Urteil zur getöteten Polizistin in Luxemburg

30. Januar 2016 at 19:21
Urteil Luxemburg

Bildmaterial: Pierre Matgé via wort.lu

Haftstrafe, Fahrverbot und Schadensersatz

Am 5. Juni 2015 berichteten wir über eine Verkehrskontrolle in Luxemburg, bei der die 39jährige Polizistin Yasmine G. von einem betrunkenen Autofahrer umgefahren wurde. Sie verstarb später im Krankenhaus und hinterließ ihren Lebensgefährten und zwei kleine Kinder.

Hierzu fand nun vor der 13. Strafkammer die Verhandlung statt, bei der vergangene Woche das Urteil gesprochen wurde.

Wie das Gericht feststellte, war Pascal T., der 36jährige Unfallfahrer, Wiederholungstäter und stand wegen einer vorangegangenen Tat unter Bewährung.

Der Angeklagte sagte zur Tat nur so viel: “Et huet geknuppt, an direkt dono weess ech näischt méi” (Übersetzung: “Es hat geknallt, und direkt danach weiß ich nichts mehr”). Er habe sich jedoch nicht betrunken gefühlt. Beim Untersuchungsrichter hatte Pascal T. noch ausgesagt, dass er den Polizisten, der ihn anhalten wollte, nicht gesehen habe, beim Gutachter behauptete er das Gegenteil. Auch hierfür hatte der Angeklagte keine Erklärung.

Im Rahmen der Verhandlung kam auch der Vertreter der Unfallversicherung, Me François Schiltz, als Nebenkläger zu Wort.
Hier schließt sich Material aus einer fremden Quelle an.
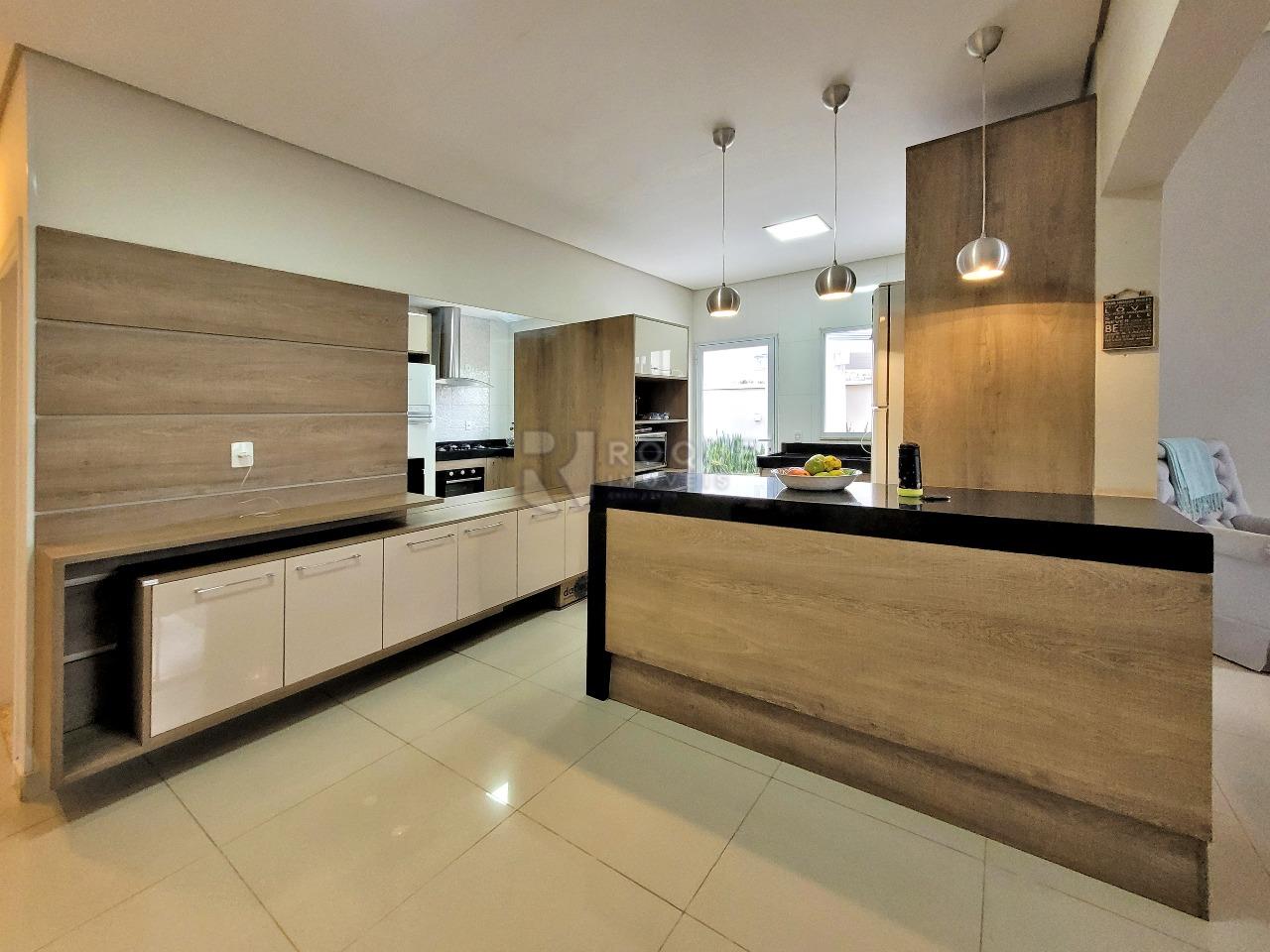 Casa em condomínio à venda no bairro Parque Residencial Roland: COZINHA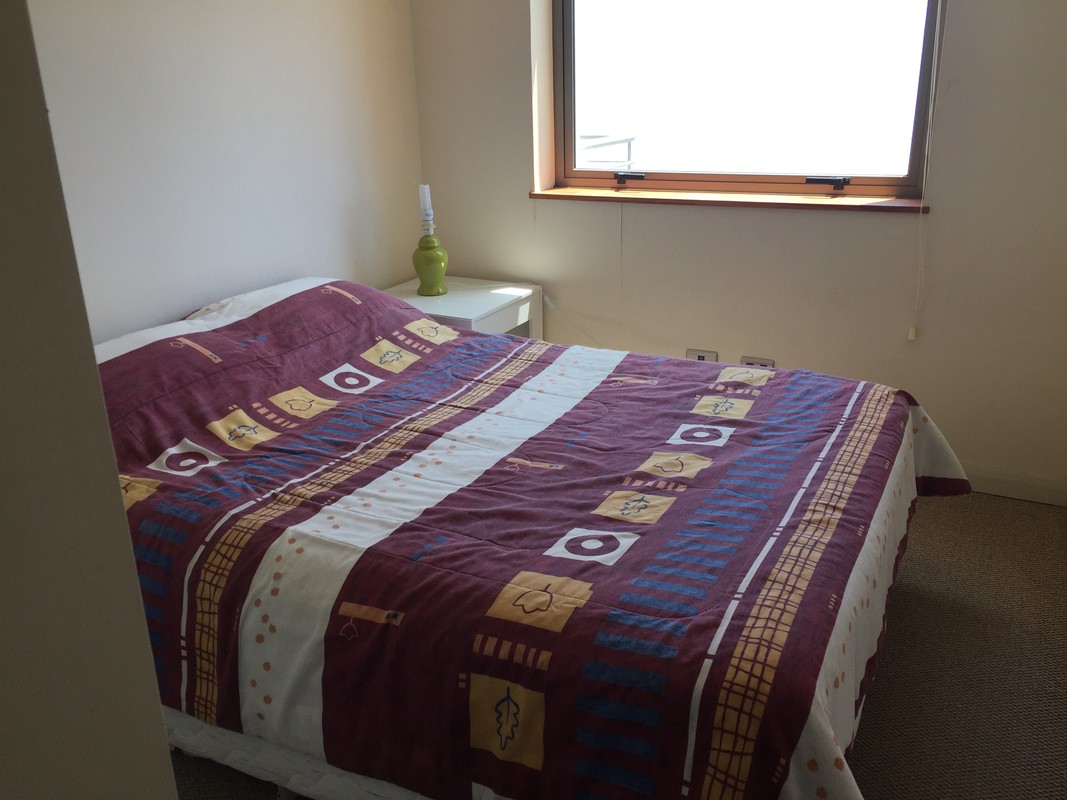 Double Room And Separate Bathroom(Single Bed) - 1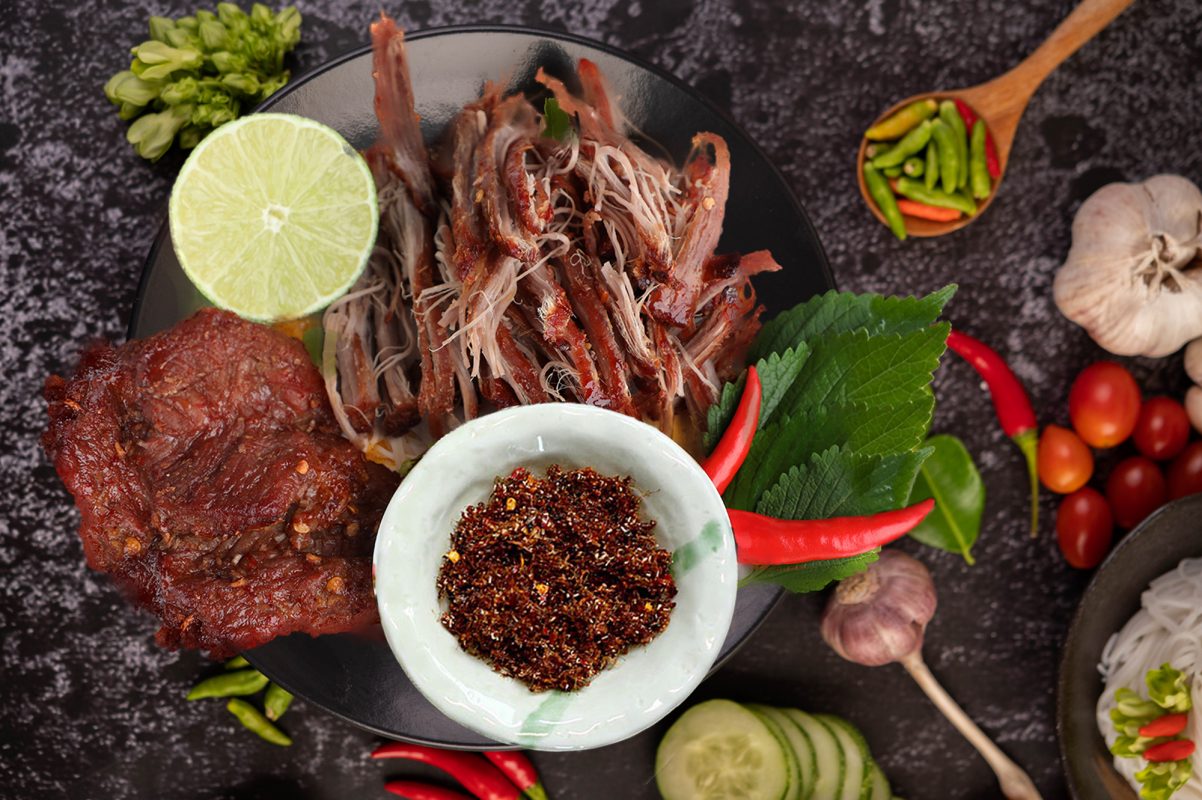 Bò 1 nắng chấm muối kiến 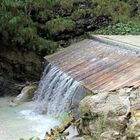 Der erste Wasserfall beim Aufstieg zur Almbachklamm im Berchtesgadener Land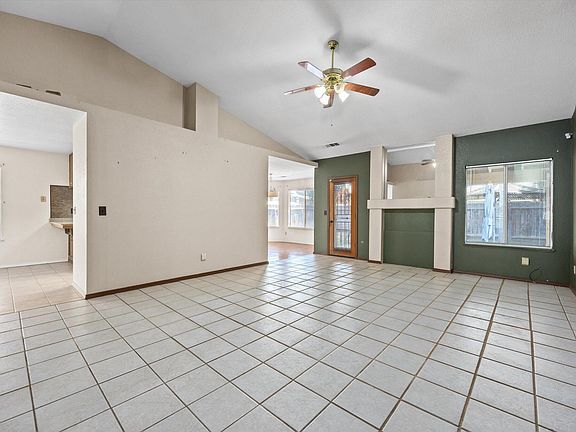 5th image of 204 N Manzanita Street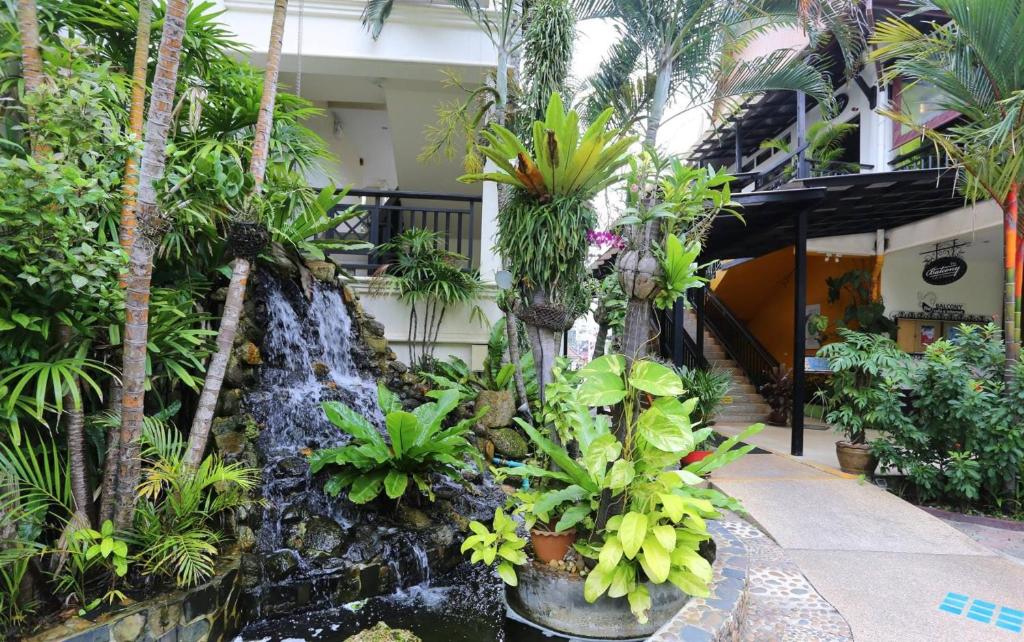 Zahrada ubytování Deevana Patong Resort & Spa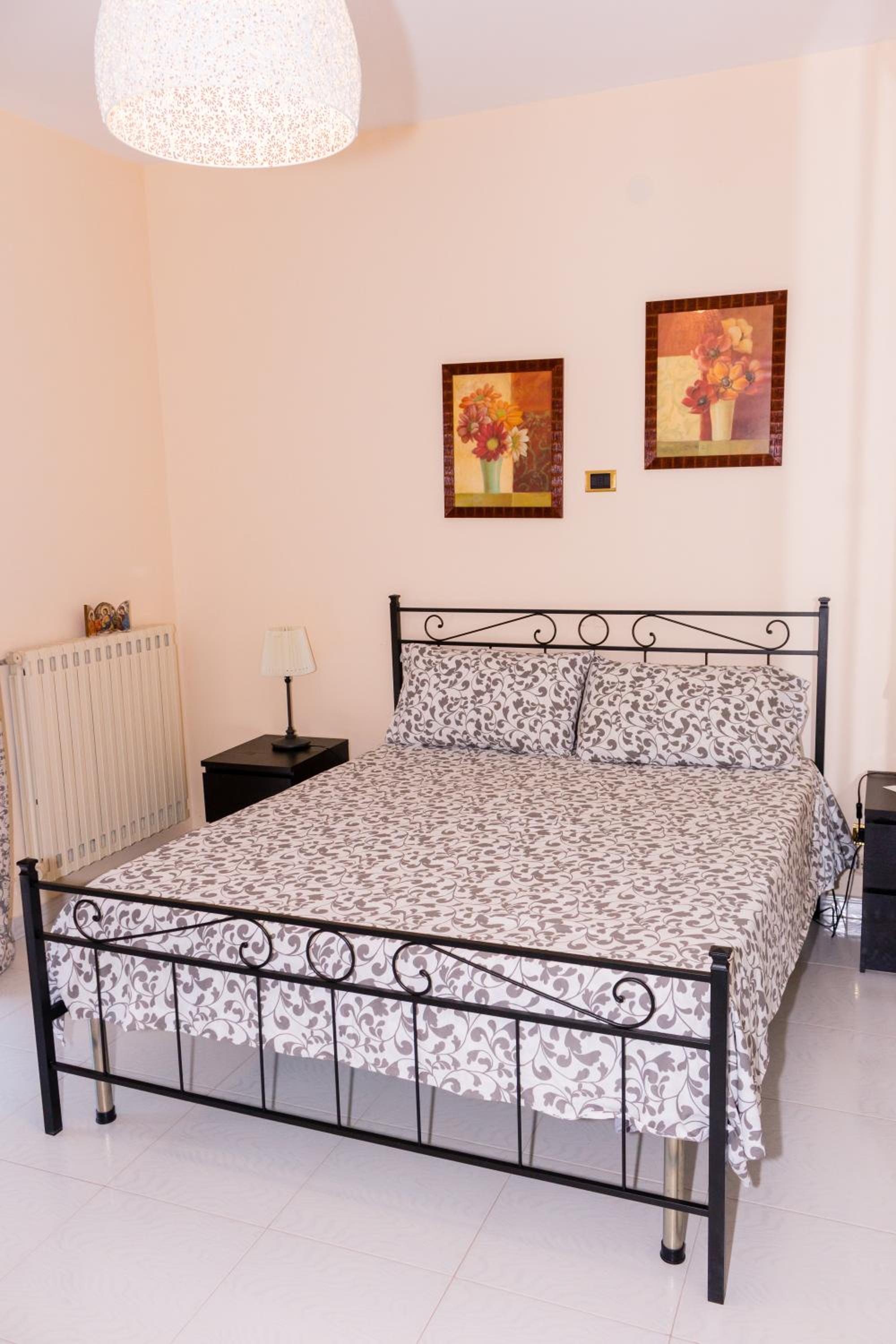 Double Room with Balcony - Photo 1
Er hielt die getötete Polizistin für zivilrechtlich mitverantwortlich, da sie bei der Kontrolle eines anderen Autofahrers zum Unfallzeitpunkt auf der Straße und nicht auf dem Gehweg stand.

Dagegen wehrte sich der Anwalt der Hinterbliebenen, Me Pol Urbany, vehement. “Polizisten seien ausgerüstet und berechtigt, sich auf der Straße zu bewegen, um ihre Pflicht zu tun, deshalb sei eine Aufteilung der zivilen Verantwortung, wie sie Me François Schiltz forderte, eine Zumutung, der er sich widersetze”, so heißt es.

Der Ankläger Guy Breistroff beantragte angesichts der vorliegenden und unwidersprochenen Fakten eine vierjährige Haftstrafe und hohen Schadensersatz und betonte dabei, dass es nicht darum gehe ein Exempel zu statuieren, aber der Angeklagte habe großes Leid über die Familie gebracht.

Das Urteil:

Der Unfallfahrer, der seit der Tat in Untersuchungshaft saß, wurde zu vier Jahren Haft, davon 24 Monate zur Bewährung ausgesetzt, verurteilt. Zudem erhielt er eine 90-monatiges Fahrverbot.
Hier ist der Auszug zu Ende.